American professor Joseph Campbell famously paraphrased an old Native American proverb, once saying, “A bit of advice given to a young Native American at the time of his initiation: As you go the way of life, you will see a great chasm. Jump. It is not as wide as you think.”
This powerful sentiment serves as the backbone to indie rock band Save the Clocktower’s new song “Separate,” premiering today (May 12). With a smattering of psychedelia and pop, flecked across a classic rock backdrop, the group fully owns the idea of “leaving a world of comfort for the unknown─and intrinsic in that decision is the fear, doubt, and anxiety that goes along with such a bold move,” vocalist and guitar player Sean Paras tells American Songwriter. “However, the song isn’t necessarily encouraging recklessness for the sake of recklessness. Really, it’s about when a person has to leave an environment of safety for a less secure, less uncertain future─all because of one’s authenticity not being able to be fully expressed in their current situation.
“Strangely enough, the song actually grew out of that same mentality. We went into the studio with the intention of working on a different song,” Paras continues, “but a friend of the band was going through a bad divorce at the time, and this song kind of just erupted out of that session. So, we decided to just roll with it. Damn glad we did.”
The band─also consisting of Greg Newton (drums, vocals), Jimmy Shenk (keyboards), and James Washington (bass)─borrows from such influences as Talking Heads and David Bowie and “that sort of unapologetic peppering in of slightly funky elements into songs with more serious themes,” Paras offers. Playing shows with Toro y Moi and JR JR influenced an approach with a keen eye for the live arena, as well. “Now, it’s second nature for us to write more uptempo, often dance-y songs, even when we’re delving into more mature themes.”

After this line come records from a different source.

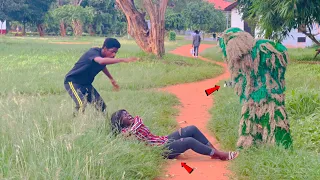 She Nearly Fainted From the SCARE! |Bushman Prank| Scaring People!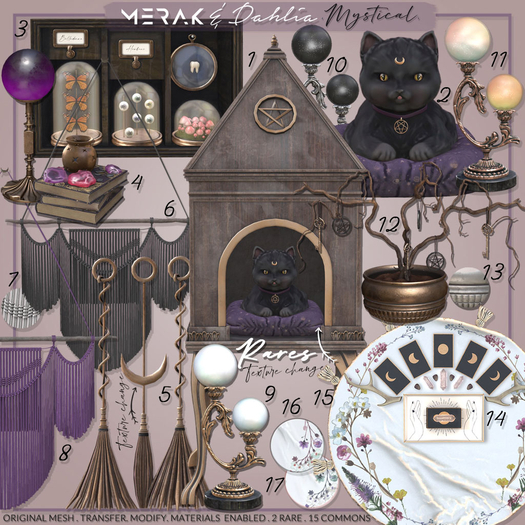 Merak&Dahlia - Mystical - Ritual Cloth - Silver 16 (BOXED)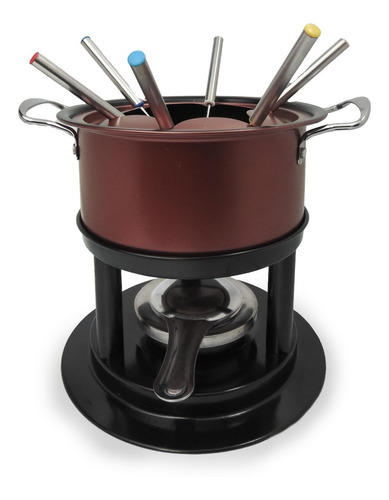 Set De Fondue Antiadherente Para 6 Personas Calidad Premium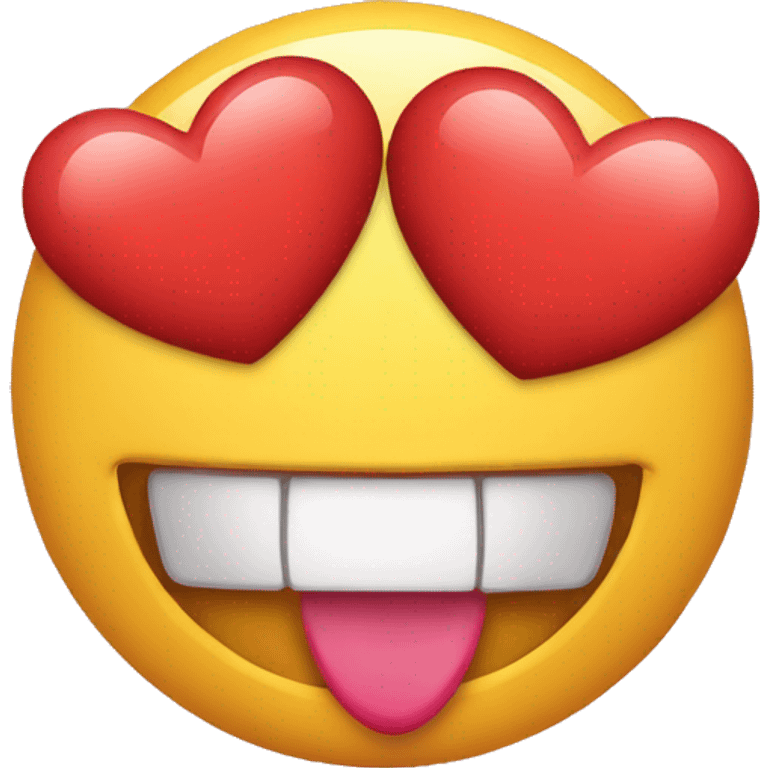 Emoji Face with a heart emoji instead of mouth emoji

Mirroring the message of the song, even the writing and recording process seemed to lean into the “‘throw caution to the wind’ spontaneity” for which they’d been striving. “Greg came up with the lyrics while writing and recording the music. He didn’t write any of them down, and he nailed the vocals on the first take,” notes Paras, “none of which is our usual metered approach to making music. Somehow, the older we get, the more willing we are to let go of the reins and let the art create itself.”
Out of Chicago, Save the Clocktower first hit the local scene with their 2011 debut studio record, Carousel. Their sophomore effort Through the Glass followed a year later and then a subsequent three-song EP, titled Taboo, in 2016.
“Separate” samples a forthcoming album called Renaissance, out everywhere June 25.